Climate change and nature conservation – IMPACT presents adaptation strategies for protected areas
Climate change is one of the biggest problems of our time and adaptation to it is of the highest priority.
This is the conclusion the Sustainable Development Summit drew in Rio de Janeiro in June 2012. The EU-project HABIT-CHANGE developed adaptation strategies for large protected areas. The project is led by the Leibniz Institute of Ecological Urban and Regional Development and its results will be presented among other best practice examples at the „International Conference on Managing Protected Areas under Climate Change (IMPACT)“ from 24 to 26 September 2012 in Dresden, Germany.

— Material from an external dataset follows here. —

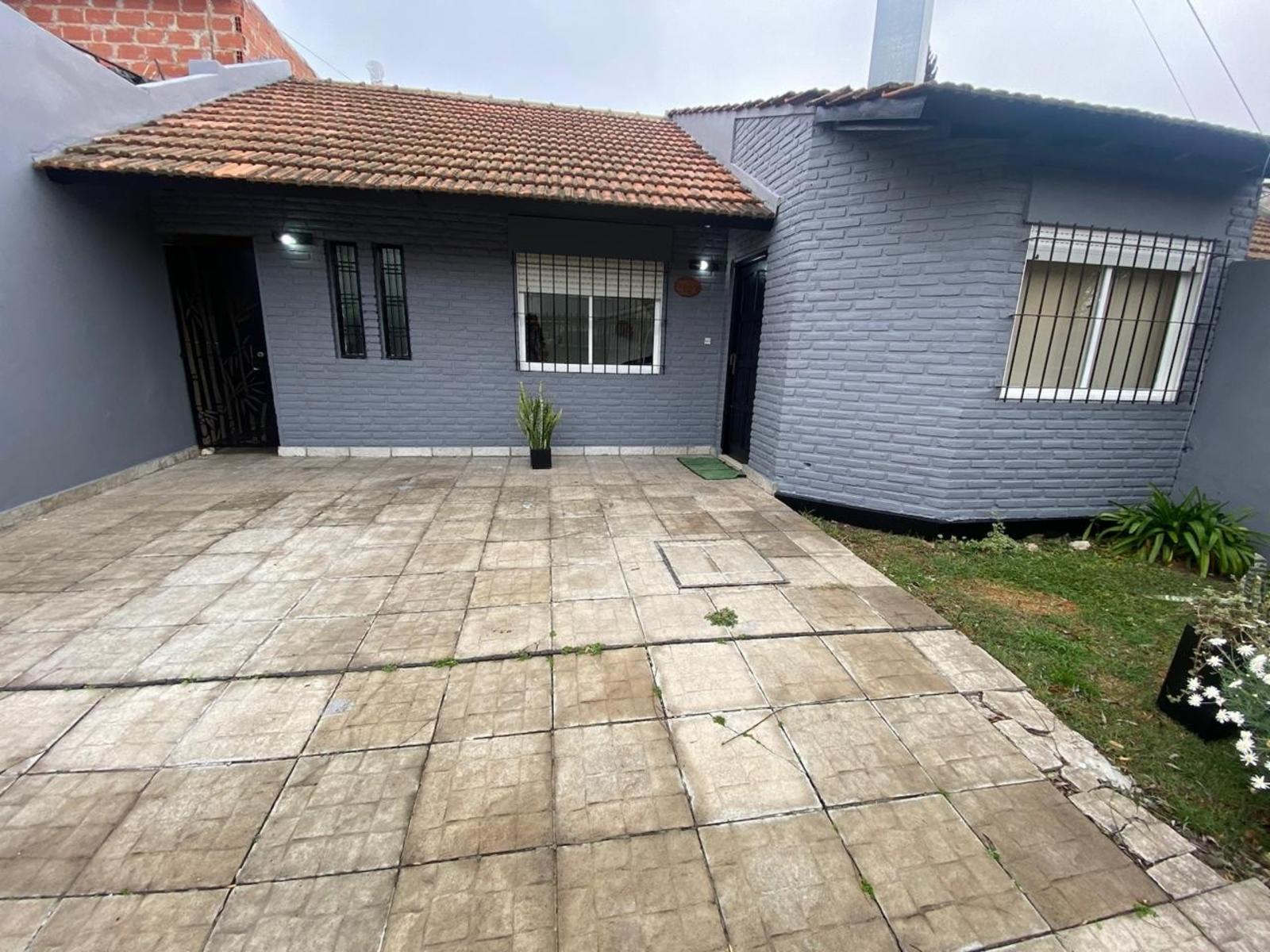 Casa Chalet 4 Ambientes EN VENTA, Soriano 1500, Ituzaingó Norte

Climate change and land use are threatening the world's protected habitats, such as national parks. This is especially true in regards to the expected climate change impacts on nature and will challenge the administration of protected areas since they need to monitor changes and revise their management strategies to be prepared for the environmental consequences.
In response to these challenges HABIT-CHANGE developed adaptation strategies for large protected areas in cooperation with several European conservation agencies and research institutions, such as the Leibniz Institute of Ecological Urban and Regional Development and the Potsdam Institute for Climate Impact Research (PIK). Their results will be presented and discussed during IMPACT from 24 to 26 September 2012 in Dresden, Germany.

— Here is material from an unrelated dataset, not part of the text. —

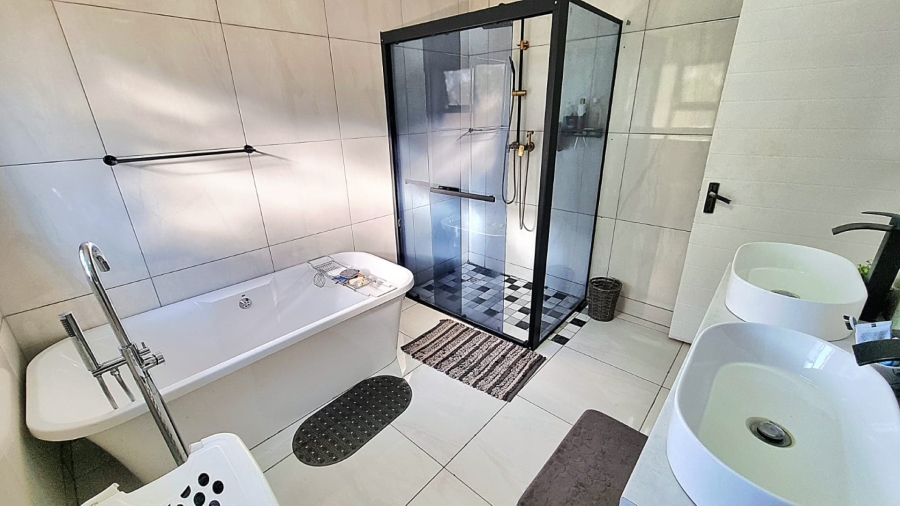 4 Bedroom Property for Sale in Koro Creek Golf Estate Limpopo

IMPACT provides a platform for dialogue to exchange knowledge and experience in the field of climate change and biodiversity preservation. Lectures by renowned experts will show the importance of adaptation strategies to climate change for the preservation and development of protected areas. The conference’s guest speakers are Prof. Dr. Wolfgang Cramer, member of the Intergovernmental Panel on Climate Change (IPCC), Dr. Rob Jongman of Alterra, Wageningen (Netherlands), Dr. Alejandro Iza of the International Union for Conservation of Nature and Natural Resources (IUCN) and Dr. Martin Sharman of the European Commission.

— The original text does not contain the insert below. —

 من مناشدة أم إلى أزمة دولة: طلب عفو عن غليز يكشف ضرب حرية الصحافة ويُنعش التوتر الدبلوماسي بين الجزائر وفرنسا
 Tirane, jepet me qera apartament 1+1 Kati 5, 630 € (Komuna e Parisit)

Seven different workshops are going to present results from HABIT-CHANGE and other projects and discuss the following topics:
- Monitoring of climate-induced impacts,
- Assessing sensitivity,
- Modeling of climate-induced impacts,
- Actual and future management practices,
- Climate change impacts on species and invasive species
- Awareness raising, communication and stakeholder involvement
- Legal aspects and policy recommendations
IMPACT allows for an exchange of experiences of adaptation strategies’ implementations. Amongst other case studies, IMPACT will present two best-practice examples chosen by UNESCO because of their adaptation strategies.
IMPACT is bringing together researchers, conservation managers and decision-makers in the field of nature conservation in order to develop a better understanding of the complex impacts of climate change on biodiversity on a local level and, thus, the means to adapt management in protected areas.
Registration is open until 7 September 2012. If you register before 31 July the fee is 50 €, afterwards it is 75 €.